L’évêque autrichien Josef Marketz, du diocèse de Gurk, s’est déclaré « heureux et reconnaissant » pour ledocument et l’a qualifié de « pas important pour une Église ouverte ».

« L’intention très pastorale et l’esprit du texte — qui encadre strictement cette pratique — ne vont pas dans ce sens simpliste, mais la déclaration, intitulée “fiducia supplicans”, a été perçue et saluée, notamment par la communauté LGBT+. ».

En Afrique : « Nous interdisons formellement toutes bénédictions des “couples homosexuels” dans l’Église du Cameroun ».

« Au Malawi, neuf des 12 évêques et archevêques actifs ont signé le 19 décembre une “clarification” commune, déclarant qu’ils ne dispenseraient de bénédiction “d’aucune sorte” pour les couples homosexuels. »

« La conférence des évêques catholiques du Kenya a également rappelé que les relations homosexuelles ne sont “pas acceptées dans (leur) culture”.

« Au Nigeria également, la Conférence des évêques a affirmé qu’une telle disposition “contredit la loi de Dieu, les enseignements de l’Église, les lois de notre nation et les sensibilités culturelles de notre peuple”. Par la voix de son président, le cardinal Donatus Ogun, elle a invité les personnes homosexuelles à “s’engager sur le chemin de la conversion”.

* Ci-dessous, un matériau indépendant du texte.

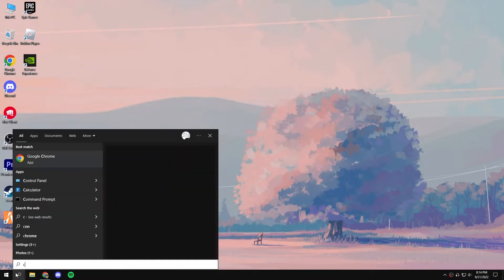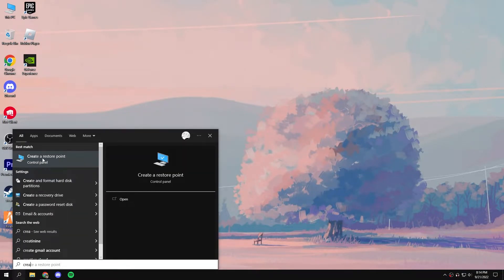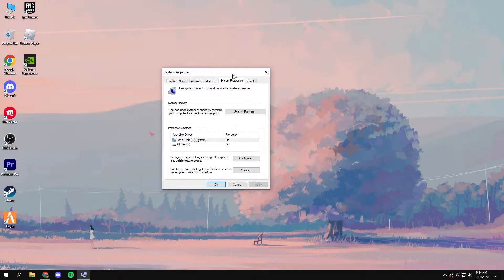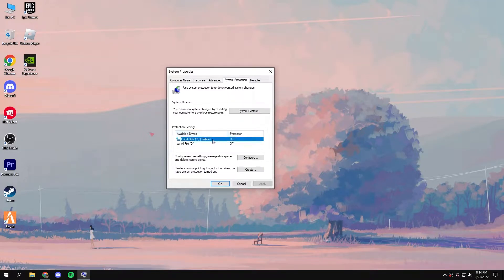Before starting this video, make sure to create a restore point to revert any optimization or changes.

« Nous vos Évêques et Pères de l’Église Famille de Dieu qui est au Burkina Faso et au Niger ne voulons pas vous laisser dans l’embarras, l’incompréhension et l’inquiétude. C’est pourquoi nous vous invitons instamment à rester calmes et fermes dans la foi. »

En tout état de cause, sur les différents continents, les Catholiques disent haut et fort ce qu’ils pensent d’une telle déclaration provenant du plus haut sommet de l’Église romaine. Cependant, comment relire ce document et les circonstances qui l’entourent au second degré, surtout du point de vue de l’Afrique ?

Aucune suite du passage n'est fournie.